Re: Runloops and Window Dragging
Re: Runloops and Window Dragging
- Subject: Re: Runloops and Window Dragging
- From: Caylan Larson <email@hidden>
- Date: Sun, 06 Oct 2013 12:50:43 -0500
On Oct 2, 2013, at 2:21 PM, Ken Thomases <email@hidden> wrote:
> On Oct 2, 2013, at 1:36 PM, Caylan Larson wrote:
>
>> I am using CGWindowListCreateImage to fetch an image of the windows behind my app. This works beautifully and is OK for my needs. Except...
>>
>> I have problems when I drag the window. The goal is near real-time image updates during the drag event.
>>
>> The runloop never seems to fully display the results of my drawRect (I can log in drawRect, but the results are not displayed). I've tried operation queues, using mouseDragged, spinning off a thread on a window move notification using detachNewThreadSelector and looking for mouse up using nextEventMatchingMask --- all the while sending setNeedsDisplay:YES to the view or, heaven forbid, sending drawRect straight away (doesn't make a difference). I've made sure "Can Draw Concurrently" is checked at every level as well as the window setting for allowsConcurrentViewDrawing.
>>
>> My next step was to ditch drawRect and instead use an embedded imageView in a scrollView. In windowWillMove I stuff the whole screen's image in the imageView and then scrollPoint to the window's frame origin. This still doesn't get me real-time scrolling of the scrollView when the window is dragged.
>>
>> My hunch is that the window drag event makes the runloop run in NSEventTrackingRunLoopMode, which limits drawRect's efficacy. Any way around this condition?
>
> First, unless you call [yourWindow setMovable:NO], moves are largely handled in the window server with only occasional notifications to your app that the frame has changed. If you do call that, then you have to handle clicks and drags in the window frame by overriding -[NSWindow sendEvent:] and processing the appropriate events. It's non-trivial, but at least you have full control.
>
> Second, when the framework (or anything) runs an internal run loop, you can't rely on the windows being updated. You can try calling -displayIfNeeded and/or -flushWindow.
>
> Third, I doubt you're going to get real-time performance out of the CGWindow API. Apple recommends using the AV Foundation for that:
> Technical Q&A QA1740: How to capture screen activity to a movie file using AV Foundation on Mac OS X Lion
> https://developer.apple.com/library/mac/qa/qa1740/_index.html
>
> The AVScreenShack sample code may also be useful:
> https://developer.apple.com/library/mac/samplecode/AVScreenShack/Introduction/Intro.html
I looked at the AV Foundation docs and it seems like there is not a way to get a screenshot without my window (like kCGWindowSharingNone). There seems to be a serious problem in CGWindowListCreateImage when called too frequently.
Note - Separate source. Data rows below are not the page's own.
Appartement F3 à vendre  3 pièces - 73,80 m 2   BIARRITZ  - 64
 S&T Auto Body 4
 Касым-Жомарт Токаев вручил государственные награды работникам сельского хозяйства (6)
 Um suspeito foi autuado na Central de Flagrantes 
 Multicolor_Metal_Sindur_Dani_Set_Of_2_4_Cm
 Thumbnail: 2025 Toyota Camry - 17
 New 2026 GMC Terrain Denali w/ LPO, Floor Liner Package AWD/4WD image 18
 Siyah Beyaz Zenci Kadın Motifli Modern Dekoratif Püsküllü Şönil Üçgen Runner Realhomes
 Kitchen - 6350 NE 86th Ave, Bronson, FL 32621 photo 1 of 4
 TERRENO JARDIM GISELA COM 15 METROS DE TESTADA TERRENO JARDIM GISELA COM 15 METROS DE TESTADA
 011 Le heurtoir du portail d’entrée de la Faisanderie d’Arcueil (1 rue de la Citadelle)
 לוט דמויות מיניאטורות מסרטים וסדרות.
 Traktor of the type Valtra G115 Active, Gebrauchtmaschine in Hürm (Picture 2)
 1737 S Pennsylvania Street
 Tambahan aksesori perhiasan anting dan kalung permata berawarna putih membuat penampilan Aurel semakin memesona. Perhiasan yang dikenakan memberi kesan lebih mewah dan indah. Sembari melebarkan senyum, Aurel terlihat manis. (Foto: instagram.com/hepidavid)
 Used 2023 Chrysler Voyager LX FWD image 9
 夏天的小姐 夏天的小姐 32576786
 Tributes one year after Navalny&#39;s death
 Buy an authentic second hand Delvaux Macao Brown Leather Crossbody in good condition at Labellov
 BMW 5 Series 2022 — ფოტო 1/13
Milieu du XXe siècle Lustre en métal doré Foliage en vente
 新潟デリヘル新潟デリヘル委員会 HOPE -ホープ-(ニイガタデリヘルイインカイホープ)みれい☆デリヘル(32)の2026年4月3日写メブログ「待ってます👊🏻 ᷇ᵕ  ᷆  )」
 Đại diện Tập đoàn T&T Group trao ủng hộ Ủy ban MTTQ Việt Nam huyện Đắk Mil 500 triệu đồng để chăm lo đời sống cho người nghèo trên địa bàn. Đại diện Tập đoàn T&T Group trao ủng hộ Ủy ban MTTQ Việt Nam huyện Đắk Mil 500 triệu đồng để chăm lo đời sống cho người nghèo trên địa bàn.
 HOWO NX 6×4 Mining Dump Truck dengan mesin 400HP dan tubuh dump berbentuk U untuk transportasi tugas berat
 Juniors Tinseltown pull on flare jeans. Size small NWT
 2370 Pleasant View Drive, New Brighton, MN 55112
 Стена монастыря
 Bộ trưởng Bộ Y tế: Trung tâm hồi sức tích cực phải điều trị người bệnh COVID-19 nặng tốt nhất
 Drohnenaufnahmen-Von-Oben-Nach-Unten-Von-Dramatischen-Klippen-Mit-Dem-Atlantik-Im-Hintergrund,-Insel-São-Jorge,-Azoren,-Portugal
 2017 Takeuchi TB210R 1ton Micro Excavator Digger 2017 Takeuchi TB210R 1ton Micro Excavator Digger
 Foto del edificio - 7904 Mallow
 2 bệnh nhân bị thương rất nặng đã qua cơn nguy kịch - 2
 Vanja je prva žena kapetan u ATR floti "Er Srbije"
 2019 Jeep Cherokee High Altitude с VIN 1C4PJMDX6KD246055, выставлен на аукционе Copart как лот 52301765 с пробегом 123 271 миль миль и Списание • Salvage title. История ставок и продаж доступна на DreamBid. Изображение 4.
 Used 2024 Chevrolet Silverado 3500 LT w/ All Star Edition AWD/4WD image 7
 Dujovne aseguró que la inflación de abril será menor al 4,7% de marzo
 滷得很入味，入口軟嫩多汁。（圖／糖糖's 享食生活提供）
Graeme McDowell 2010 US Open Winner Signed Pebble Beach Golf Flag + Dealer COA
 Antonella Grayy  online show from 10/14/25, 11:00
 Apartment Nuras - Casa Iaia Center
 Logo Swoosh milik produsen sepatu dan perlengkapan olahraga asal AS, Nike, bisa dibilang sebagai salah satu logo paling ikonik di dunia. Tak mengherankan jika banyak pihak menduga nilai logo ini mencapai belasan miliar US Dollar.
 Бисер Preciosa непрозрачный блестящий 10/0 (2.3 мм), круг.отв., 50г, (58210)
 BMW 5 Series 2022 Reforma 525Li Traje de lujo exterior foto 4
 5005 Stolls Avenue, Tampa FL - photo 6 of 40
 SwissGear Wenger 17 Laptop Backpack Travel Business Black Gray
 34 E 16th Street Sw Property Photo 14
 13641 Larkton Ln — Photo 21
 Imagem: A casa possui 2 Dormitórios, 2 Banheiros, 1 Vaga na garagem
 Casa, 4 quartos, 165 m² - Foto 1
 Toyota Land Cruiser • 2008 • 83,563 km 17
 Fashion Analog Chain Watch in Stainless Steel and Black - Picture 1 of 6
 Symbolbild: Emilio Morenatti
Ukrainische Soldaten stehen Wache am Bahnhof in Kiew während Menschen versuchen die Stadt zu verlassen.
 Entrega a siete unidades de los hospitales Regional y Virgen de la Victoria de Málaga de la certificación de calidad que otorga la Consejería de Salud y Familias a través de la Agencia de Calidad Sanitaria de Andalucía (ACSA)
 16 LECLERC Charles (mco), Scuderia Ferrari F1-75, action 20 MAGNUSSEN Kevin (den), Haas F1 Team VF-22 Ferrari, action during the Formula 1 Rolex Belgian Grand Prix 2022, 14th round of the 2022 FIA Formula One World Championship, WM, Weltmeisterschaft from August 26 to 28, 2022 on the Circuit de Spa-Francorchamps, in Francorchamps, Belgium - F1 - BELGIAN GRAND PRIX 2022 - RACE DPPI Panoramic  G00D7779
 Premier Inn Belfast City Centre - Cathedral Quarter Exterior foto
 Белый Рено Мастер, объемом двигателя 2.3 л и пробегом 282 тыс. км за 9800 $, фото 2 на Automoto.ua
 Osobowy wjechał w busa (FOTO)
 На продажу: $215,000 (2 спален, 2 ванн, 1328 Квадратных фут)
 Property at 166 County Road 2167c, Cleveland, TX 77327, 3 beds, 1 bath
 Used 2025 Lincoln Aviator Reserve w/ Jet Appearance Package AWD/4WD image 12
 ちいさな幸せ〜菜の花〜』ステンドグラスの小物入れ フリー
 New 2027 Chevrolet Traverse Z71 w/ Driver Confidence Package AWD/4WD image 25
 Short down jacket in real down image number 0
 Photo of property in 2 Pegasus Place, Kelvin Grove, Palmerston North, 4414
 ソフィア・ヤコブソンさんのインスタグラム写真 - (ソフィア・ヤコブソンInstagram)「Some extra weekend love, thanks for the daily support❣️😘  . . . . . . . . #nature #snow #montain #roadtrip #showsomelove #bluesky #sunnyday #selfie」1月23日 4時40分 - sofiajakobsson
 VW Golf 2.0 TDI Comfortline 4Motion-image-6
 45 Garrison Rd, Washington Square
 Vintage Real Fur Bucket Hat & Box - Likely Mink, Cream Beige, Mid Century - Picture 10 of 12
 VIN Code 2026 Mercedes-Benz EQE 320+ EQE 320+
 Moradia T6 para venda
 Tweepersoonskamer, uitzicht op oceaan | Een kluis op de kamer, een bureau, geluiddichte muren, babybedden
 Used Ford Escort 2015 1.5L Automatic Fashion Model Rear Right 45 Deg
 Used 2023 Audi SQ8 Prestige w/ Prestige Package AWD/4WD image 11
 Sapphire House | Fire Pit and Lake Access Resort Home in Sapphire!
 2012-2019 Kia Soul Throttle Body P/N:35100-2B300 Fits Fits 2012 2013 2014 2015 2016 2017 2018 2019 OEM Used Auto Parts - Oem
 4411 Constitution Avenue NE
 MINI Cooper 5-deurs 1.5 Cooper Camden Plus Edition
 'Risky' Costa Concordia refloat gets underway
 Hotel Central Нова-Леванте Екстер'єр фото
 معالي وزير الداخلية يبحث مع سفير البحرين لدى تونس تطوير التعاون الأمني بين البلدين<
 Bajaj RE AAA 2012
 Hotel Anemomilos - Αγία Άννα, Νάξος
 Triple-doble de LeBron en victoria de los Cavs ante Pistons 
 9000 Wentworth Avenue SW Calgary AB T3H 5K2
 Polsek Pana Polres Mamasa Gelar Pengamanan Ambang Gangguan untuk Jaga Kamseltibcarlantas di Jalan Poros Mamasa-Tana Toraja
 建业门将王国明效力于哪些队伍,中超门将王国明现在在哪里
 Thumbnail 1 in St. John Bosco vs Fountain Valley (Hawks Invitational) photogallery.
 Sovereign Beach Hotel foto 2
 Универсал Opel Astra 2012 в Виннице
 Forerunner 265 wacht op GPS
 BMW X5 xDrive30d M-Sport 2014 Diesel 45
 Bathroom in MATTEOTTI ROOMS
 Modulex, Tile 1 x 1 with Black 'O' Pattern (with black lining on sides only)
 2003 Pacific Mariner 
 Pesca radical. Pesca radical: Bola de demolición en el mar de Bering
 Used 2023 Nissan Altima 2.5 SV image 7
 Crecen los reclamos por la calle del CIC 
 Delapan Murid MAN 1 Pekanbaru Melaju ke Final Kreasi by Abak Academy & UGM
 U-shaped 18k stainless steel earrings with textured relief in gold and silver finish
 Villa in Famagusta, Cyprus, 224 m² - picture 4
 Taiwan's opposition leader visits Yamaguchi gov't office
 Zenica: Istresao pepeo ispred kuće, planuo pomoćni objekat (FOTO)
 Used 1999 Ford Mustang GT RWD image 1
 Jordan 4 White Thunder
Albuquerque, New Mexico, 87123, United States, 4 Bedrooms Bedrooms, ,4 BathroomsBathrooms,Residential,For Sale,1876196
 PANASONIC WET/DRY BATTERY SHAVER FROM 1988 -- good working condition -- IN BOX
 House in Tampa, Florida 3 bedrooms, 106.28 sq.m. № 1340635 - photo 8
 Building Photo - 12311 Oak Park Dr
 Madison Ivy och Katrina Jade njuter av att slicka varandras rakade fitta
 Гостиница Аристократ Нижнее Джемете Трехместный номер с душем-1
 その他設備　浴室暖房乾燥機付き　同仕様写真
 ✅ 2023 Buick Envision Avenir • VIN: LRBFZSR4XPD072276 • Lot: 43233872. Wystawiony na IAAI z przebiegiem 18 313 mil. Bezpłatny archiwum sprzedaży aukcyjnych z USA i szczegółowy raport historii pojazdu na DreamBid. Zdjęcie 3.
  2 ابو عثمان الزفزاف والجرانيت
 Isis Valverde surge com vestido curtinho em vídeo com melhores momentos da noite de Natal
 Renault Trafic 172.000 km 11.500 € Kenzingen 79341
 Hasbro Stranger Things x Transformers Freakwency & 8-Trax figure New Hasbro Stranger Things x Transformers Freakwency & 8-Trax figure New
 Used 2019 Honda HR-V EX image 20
From the user's POV, the UI freezes until I "kill -9" via SSH. The recovery looks like:
Oct 6 12:22:38 Caylans-MacBook-Pro.local WindowServer[100]: CGXDisableUpdate: UI updates were forcibly disabled by application "Xcode" for over 1.00 seconds. Server has re-enabled them.
Oct 6 12:22:38 Caylans-MacBook-Pro.local WindowServer[100]: reenable_update_for_connection: UI updates were finally reenabled by application "Xcode" after 160.03 seconds (server forcibly re-enabled them after 160.02 seconds)
Someone told me that this could be due to calls to CGXDisableUpdate without a balanced CGXEnableUpdate. What is the best way to squeeze performance out of CGWindowListCreateImage without getting hosed/throttled by WindowServer? Or is this a race condition that is beyond my reach?